For SEMI E10 reporting (criterion 7), reconstructing equipment-state transitions from Serilog text logs requires regex over message strings — not robust.

Recommendation: introduce a StateTransitionLog slice — append-only, durable, schema'd records (timestamp, actor, slicesChanged, before, after) written from AppStateStore.Update itself (i.e. the store records its own deltas). This is mechanically possible because the store has both _current (before) and next (after) inside the lock. Cost: one structured-log emit per Update, dimensioned. Sqlite-persisted via the existing MigrationRunner. This single mechanism feeds criteria 5, 6b, and 7 simultaneously.

6a. Operator-visible state (touchscreen) — Pass

MainViewModel subscribes to 20 distinct state slices for operator readout (MainViewModel.cs:373-707):

ConnectionState/WorkflowState/MotionState/CameraState/IsMotionHomed, MachineReadyDerivation, StagePosition, LoadedRecipe, RecipeCatalog, SimulatorProfiles, SelectedSimulatorProfileName, ActiveRun+WorkflowState, TagSummary (temperature, pressure), LatestFrame, CurrentFrameBitmap, PipelineCounters, SafetySignals, ActiveAlarms, LastRunSummary, RunHistory, RecentDiagnostics, OperationalCounters, CrashBanner, RecentDefects, Cassette.

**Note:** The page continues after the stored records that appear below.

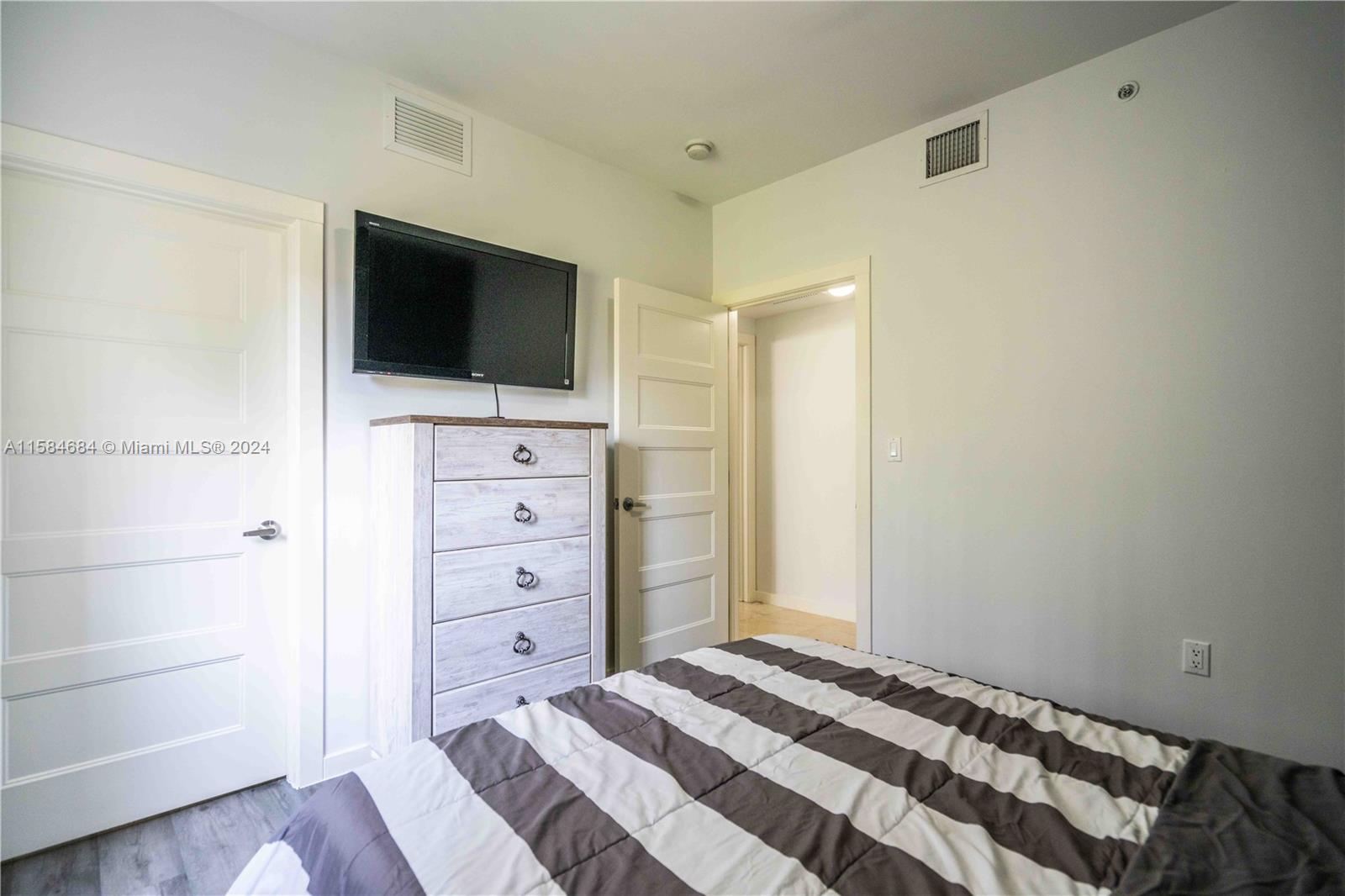 CORAL GABLES SEC K - Residential Lease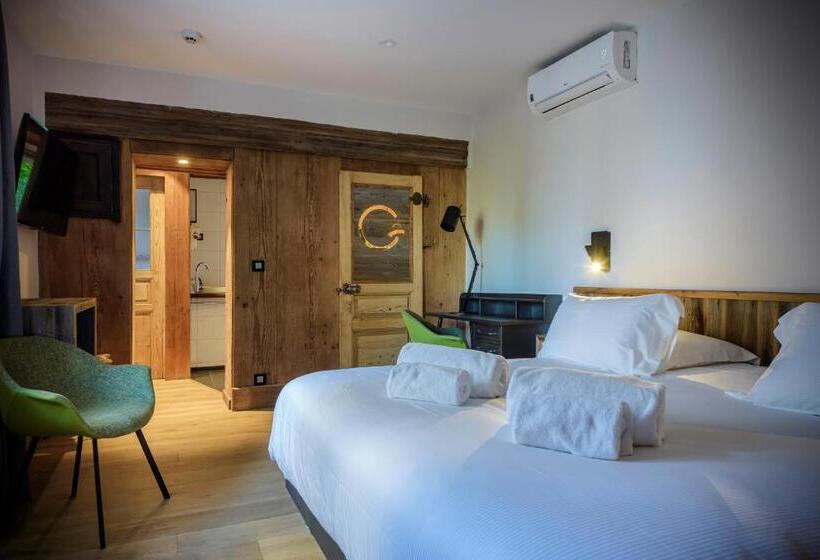 Номер Deluxe, La Garenne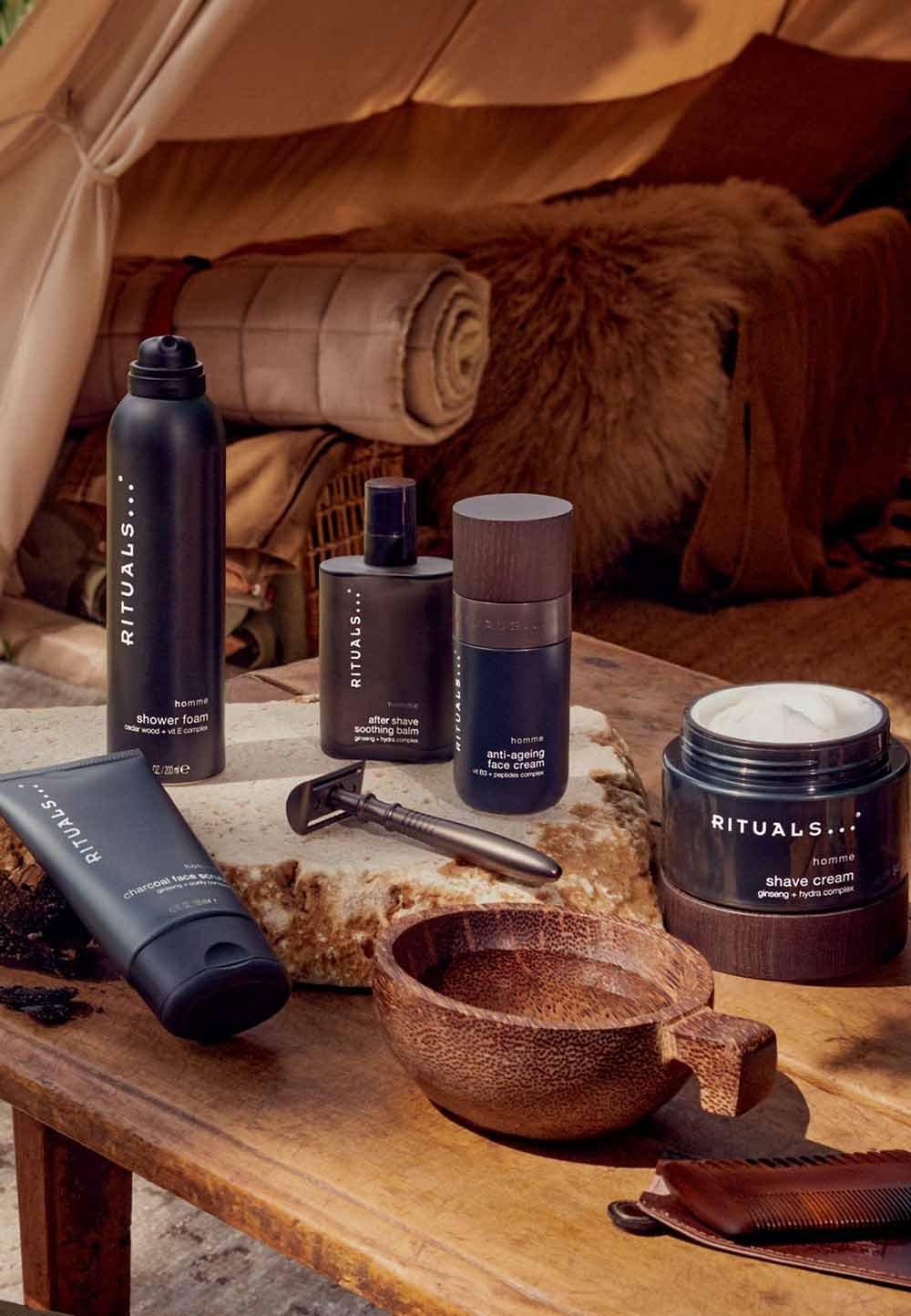 Bil på produkter på ett bord till alla hjärtansdag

Every operator-relevant slice is reachable from the UI. No state value drives an operator decision that the operator cannot see.

6b. Engineer deep-dive snapshot — Fail

There is no facility for a service engineer to pull current state off a deployed machine. Available artifacts are:

  1. %LOCALAPPDATA%\InspectionPrototype\crashes\crash-*.txt — only on crash, and only 4 fields + 50 diag lines as noted in §4.
  2. Serilog file sink — text log, requires manual reconstruction.
  3. dotnet-counters monitor --name InspectionPrototype.App — requires a laptop with dotnet-counters installed and the ability to attach to the running process; useful for live observation, not for "snapshot the current state to a file I can email."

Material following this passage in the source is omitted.